__TASK BRIEF__.
Everything in the data must be repeated exactly, apart from the pictures, which are left out.

__DATA SECTION__.
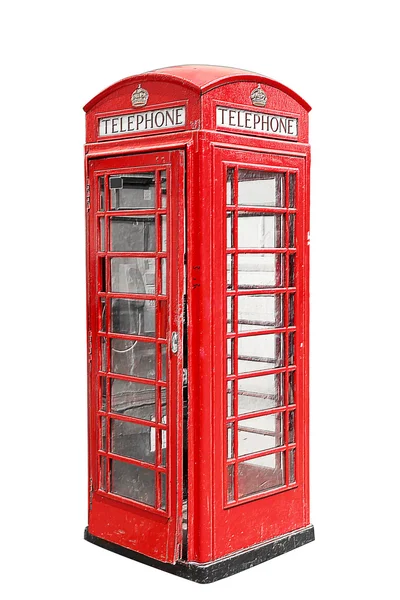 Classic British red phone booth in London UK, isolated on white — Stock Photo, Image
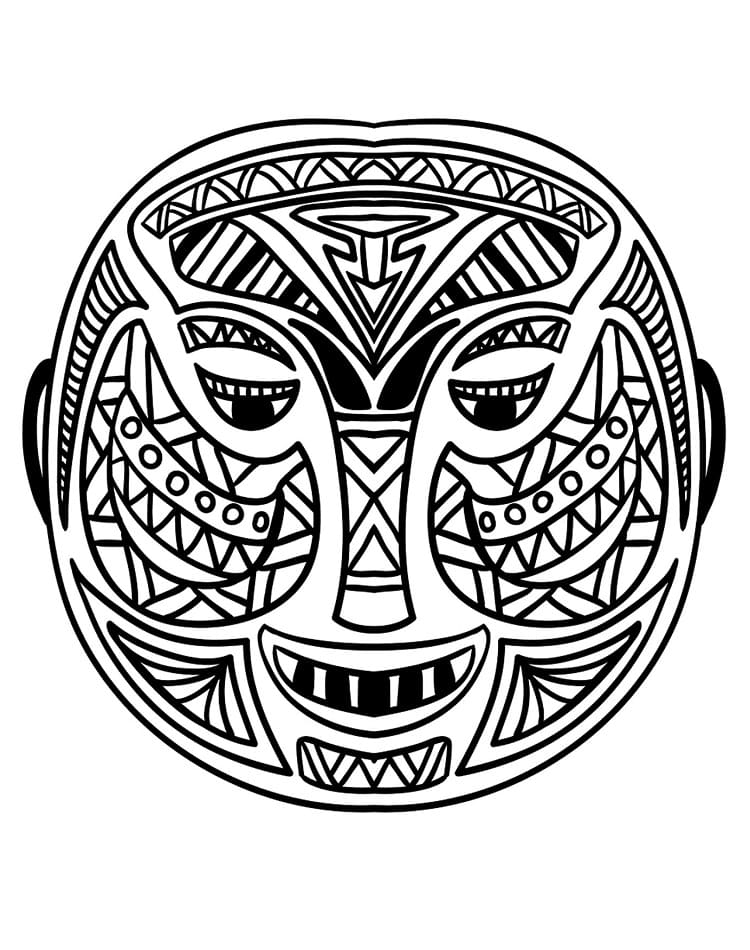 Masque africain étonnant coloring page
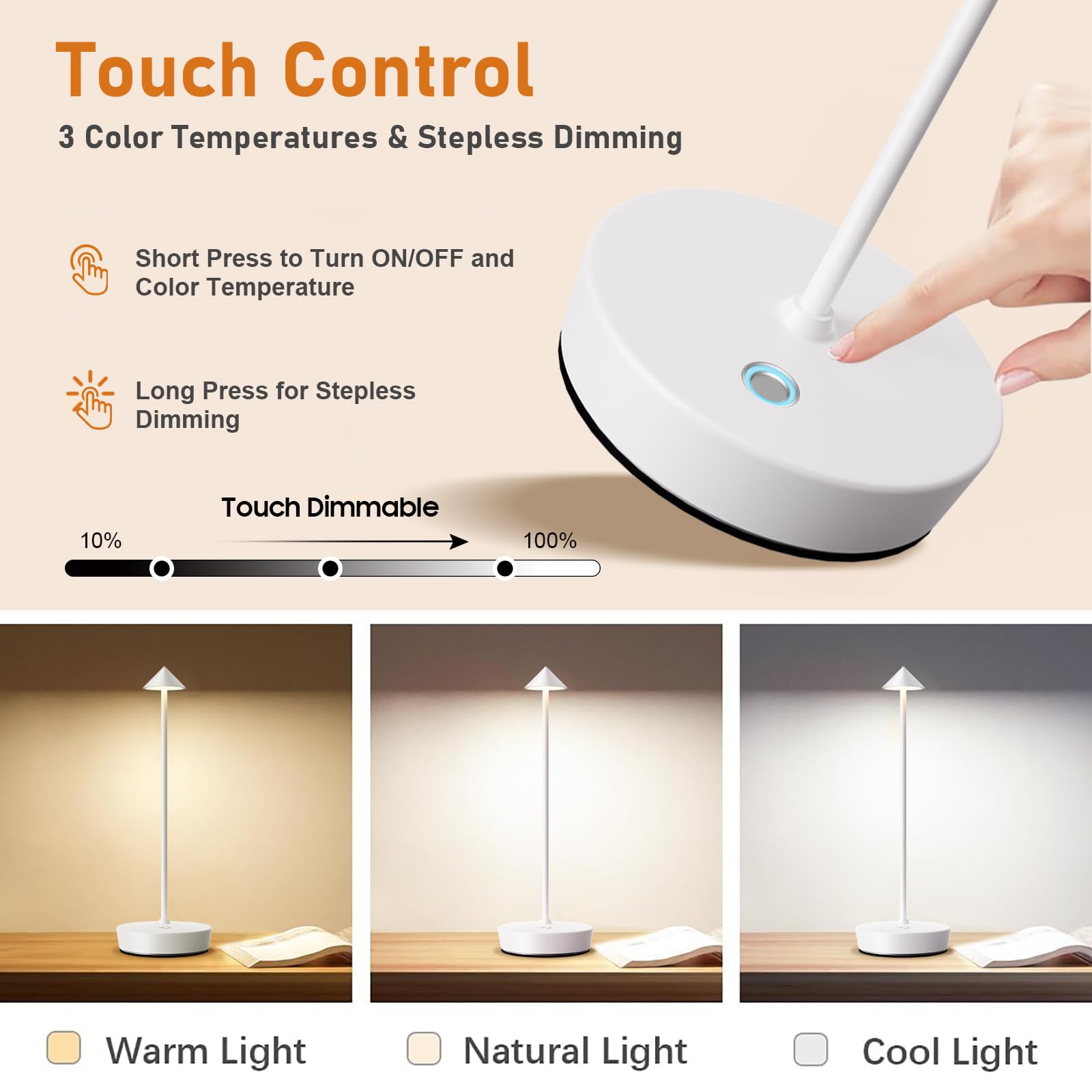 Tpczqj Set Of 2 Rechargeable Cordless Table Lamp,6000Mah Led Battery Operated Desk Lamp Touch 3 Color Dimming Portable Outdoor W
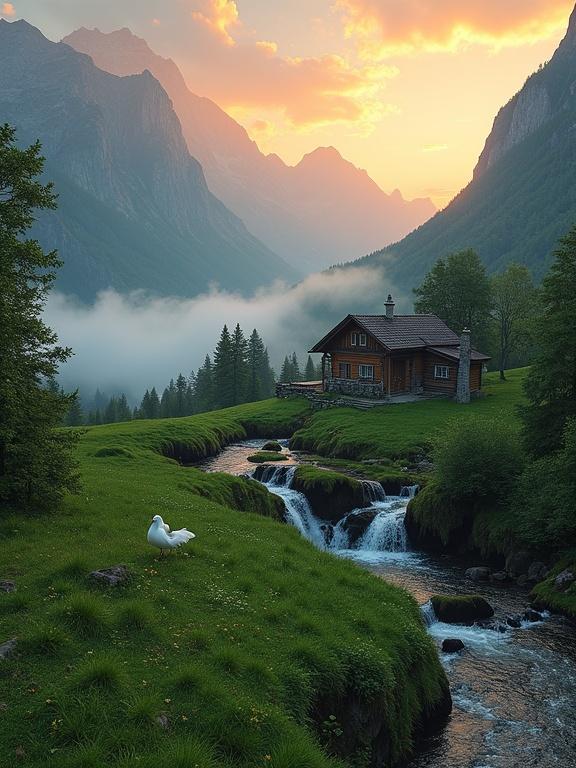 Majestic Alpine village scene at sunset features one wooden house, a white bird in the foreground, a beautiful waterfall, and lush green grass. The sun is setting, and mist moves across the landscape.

__ANSWER TO THIS PROBLEM__.
 Classic British red phone booth in London UK, isolated on white — Stock Photo, Image
 Masque africain étonnant coloring page
 Tpczqj Set Of 2 Rechargeable Cordless Table Lamp,6000Mah Led Battery Operated Desk Lamp Touch 3 Color Dimming Portable Outdoor W
 Majestic Alpine village scene at sunset features one wooden house, a white bird in the foreground, a beautiful waterfall, and lush green grass. The sun is setting, and mist moves across the landscape.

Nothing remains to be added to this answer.